____ Data under study

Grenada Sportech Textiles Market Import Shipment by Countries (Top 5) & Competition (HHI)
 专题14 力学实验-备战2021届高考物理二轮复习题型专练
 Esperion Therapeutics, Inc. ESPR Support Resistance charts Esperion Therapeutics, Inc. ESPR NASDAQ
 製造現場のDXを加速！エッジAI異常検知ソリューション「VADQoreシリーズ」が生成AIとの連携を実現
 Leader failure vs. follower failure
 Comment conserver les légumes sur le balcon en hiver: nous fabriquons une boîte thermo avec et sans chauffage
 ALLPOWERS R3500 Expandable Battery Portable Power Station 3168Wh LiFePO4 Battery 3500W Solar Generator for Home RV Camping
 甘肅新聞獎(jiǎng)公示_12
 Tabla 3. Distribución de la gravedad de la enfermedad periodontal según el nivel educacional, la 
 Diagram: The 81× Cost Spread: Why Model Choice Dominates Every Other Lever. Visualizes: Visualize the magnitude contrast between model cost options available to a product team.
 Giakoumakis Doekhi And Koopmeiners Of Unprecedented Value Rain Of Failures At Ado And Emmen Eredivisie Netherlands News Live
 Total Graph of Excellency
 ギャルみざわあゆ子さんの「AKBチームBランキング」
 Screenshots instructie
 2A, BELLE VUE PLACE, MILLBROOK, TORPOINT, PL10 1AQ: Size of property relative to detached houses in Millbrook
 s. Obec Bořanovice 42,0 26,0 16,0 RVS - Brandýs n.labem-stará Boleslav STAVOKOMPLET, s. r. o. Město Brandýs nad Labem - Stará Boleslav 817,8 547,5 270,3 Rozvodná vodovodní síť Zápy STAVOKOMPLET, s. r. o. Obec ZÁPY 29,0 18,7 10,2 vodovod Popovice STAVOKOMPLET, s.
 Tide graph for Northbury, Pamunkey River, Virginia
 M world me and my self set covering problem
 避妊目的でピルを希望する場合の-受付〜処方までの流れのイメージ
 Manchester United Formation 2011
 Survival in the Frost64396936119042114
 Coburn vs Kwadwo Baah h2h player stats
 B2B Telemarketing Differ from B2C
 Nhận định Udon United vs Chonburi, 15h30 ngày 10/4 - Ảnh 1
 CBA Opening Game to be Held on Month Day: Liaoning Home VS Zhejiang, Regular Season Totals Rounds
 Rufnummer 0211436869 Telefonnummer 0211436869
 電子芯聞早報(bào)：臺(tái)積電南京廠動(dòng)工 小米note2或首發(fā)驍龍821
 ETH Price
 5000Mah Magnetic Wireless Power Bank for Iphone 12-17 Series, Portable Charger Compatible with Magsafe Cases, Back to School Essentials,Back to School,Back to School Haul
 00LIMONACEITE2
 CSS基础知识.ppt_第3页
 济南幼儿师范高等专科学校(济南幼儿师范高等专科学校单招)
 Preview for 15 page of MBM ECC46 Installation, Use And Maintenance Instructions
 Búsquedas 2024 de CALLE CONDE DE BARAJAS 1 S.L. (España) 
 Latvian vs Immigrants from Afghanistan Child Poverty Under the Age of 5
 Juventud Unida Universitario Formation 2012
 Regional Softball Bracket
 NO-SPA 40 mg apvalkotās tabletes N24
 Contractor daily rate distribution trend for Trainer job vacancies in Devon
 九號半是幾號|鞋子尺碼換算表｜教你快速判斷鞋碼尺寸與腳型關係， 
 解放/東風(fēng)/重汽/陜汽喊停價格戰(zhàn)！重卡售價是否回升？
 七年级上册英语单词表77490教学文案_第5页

________

▶ [Exercise]:
Exactly as shown above, return every record.

▶ [Your response]:
Grenada Sportech Textiles Market Import Shipment by Countries (Top 5) & Competition (HHI)
 专题14 力学实验-备战2021届高考物理二轮复习题型专练
 Esperion Therapeutics, Inc. ESPR Support Resistance charts Esperion Therapeutics, Inc. ESPR NASDAQ
 製造現場のDXを加速！エッジAI異常検知ソリューション「VADQoreシリーズ」が生成AIとの連携を実現
 Leader failure vs. follower failure
 Comment conserver les légumes sur le balcon en hiver: nous fabriquons une boîte thermo avec et sans chauffage
 ALLPOWERS R3500 Expandable Battery Portable Power Station 3168Wh LiFePO4 Battery 3500W Solar Generator for Home RV Camping
 甘肅新聞獎(jiǎng)公示_12
 Tabla 3. Distribución de la gravedad de la enfermedad periodontal según el nivel educacional, la 
 Diagram: The 81× Cost Spread: Why Model Choice Dominates Every Other Lever. Visualizes: Visualize the magnitude contrast between model cost options available to a product team.
 Giakoumakis Doekhi And Koopmeiners Of Unprecedented Value Rain Of Failures At Ado And Emmen Eredivisie Netherlands News Live
 Total Graph of Excellency
 ギャルみざわあゆ子さんの「AKBチームBランキング」
 Screenshots instructie
 2A, BELLE VUE PLACE, MILLBROOK, TORPOINT, PL10 1AQ: Size of property relative to detached houses in Millbrook
 s. Obec Bořanovice 42,0 26,0 16,0 RVS - Brandýs n.labem-stará Boleslav STAVOKOMPLET, s. r. o. Město Brandýs nad Labem - Stará Boleslav 817,8 547,5 270,3 Rozvodná vodovodní síť Zápy STAVOKOMPLET, s. r. o. Obec ZÁPY 29,0 18,7 10,2 vodovod Popovice STAVOKOMPLET, s.
 Tide graph for Northbury, Pamunkey River, Virginia
 M world me and my self set covering problem
 避妊目的でピルを希望する場合の-受付〜処方までの流れのイメージ
 Manchester United Formation 2011
 Survival in the Frost64396936119042114
 Coburn vs Kwadwo Baah h2h player stats
 B2B Telemarketing Differ from B2C
 Nhận định Udon United vs Chonburi, 15h30 ngày 10/4 - Ảnh 1
 CBA Opening Game to be Held on Month Day: Liaoning Home VS Zhejiang, Regular Season Totals Rounds
 Rufnummer 0211436869 Telefonnummer 0211436869
 電子芯聞早報(bào)：臺(tái)積電南京廠動(dòng)工 小米note2或首發(fā)驍龍821
 ETH Price
 5000Mah Magnetic Wireless Power Bank for Iphone 12-17 Series, Portable Charger Compatible with Magsafe Cases, Back to School Essentials,Back to School,Back to School Haul
 00LIMONACEITE2
 CSS基础知识.ppt_第3页
 济南幼儿师范高等专科学校(济南幼儿师范高等专科学校单招)
 Preview for 15 page of MBM ECC46 Installation, Use And Maintenance Instructions
 Búsquedas 2024 de CALLE CONDE DE BARAJAS 1 S.L. (España) 
 Latvian vs Immigrants from Afghanistan Child Poverty Under the Age of 5
 Juventud Unida Universitario Formation 2012
 Regional Softball Bracket
 NO-SPA 40 mg apvalkotās tabletes N24
 Contractor daily rate distribution trend for Trainer job vacancies in Devon
 九號半是幾號|鞋子尺碼換算表｜教你快速判斷鞋碼尺寸與腳型關係， 
 解放/東風(fēng)/重汽/陜汽喊停價格戰(zhàn)！重卡售價是否回升？
 七年级上册英语单词表77490教学文案_第5页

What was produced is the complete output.